[R] mgcv gam/bam model selection with random effects and AR terms

Sat Apr 8 16:24:48 CEST 2017

Would be grateful for advice on gam/bam model selection incorporating random effects and autoregressive terms.

I have a multivariate time series recorded on ~500 subjects at ~100 time points.  One of the variables (A) is the dependent and four others (B to E) are predictors.  My basic formula is:

[model 1]: bam(A ~ s(time)+s(B)+s(C)+s(D)+s(E))

I've then included a random intercept and a random effect for time as the pattern of A over time is highly variable across subjects.

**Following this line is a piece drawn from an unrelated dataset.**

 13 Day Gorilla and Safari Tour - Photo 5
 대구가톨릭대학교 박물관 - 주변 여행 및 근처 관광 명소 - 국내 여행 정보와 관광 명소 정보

[model 2]: bam(A ~ s(time)+s(B)+s(C)+s(D)+s(E)+s(id, bs='re')+s(id,time, bs='re'))

I expect there is also potential for autocorrelation within the time series. So:

[model 3]: bam(A ~ s(time)+s(B)+s(C)+s(D)+s(E)+s(id, bs='re')+s(id,time, bs='re'), AR.start = startindex, rho = 0.52)

The rho value of 0.52 was settled on by trial-and-error minimising fREML/ML (side question: am I correct in understanding that bam can only use a fixed rho rather than taking this as a value to optimise as in gamm?)

The lowest fREML or ML values are obtained by model 3 (71674 vs 72099) for model 2) but the highest adjusted R2/deviance explained is with model 2 (37.7 vs 42.1%).  Model 1 is inferior to both the others on all measures.

Is it better to select the model including the AR term given the lower ML or is it legitimate to go with the 'simpler' model 2 that has higher R2/deviance explained?

I am unable to provide a fully reproducible example as I don't know how to generate sample data with these specific characteristics.

Many thanks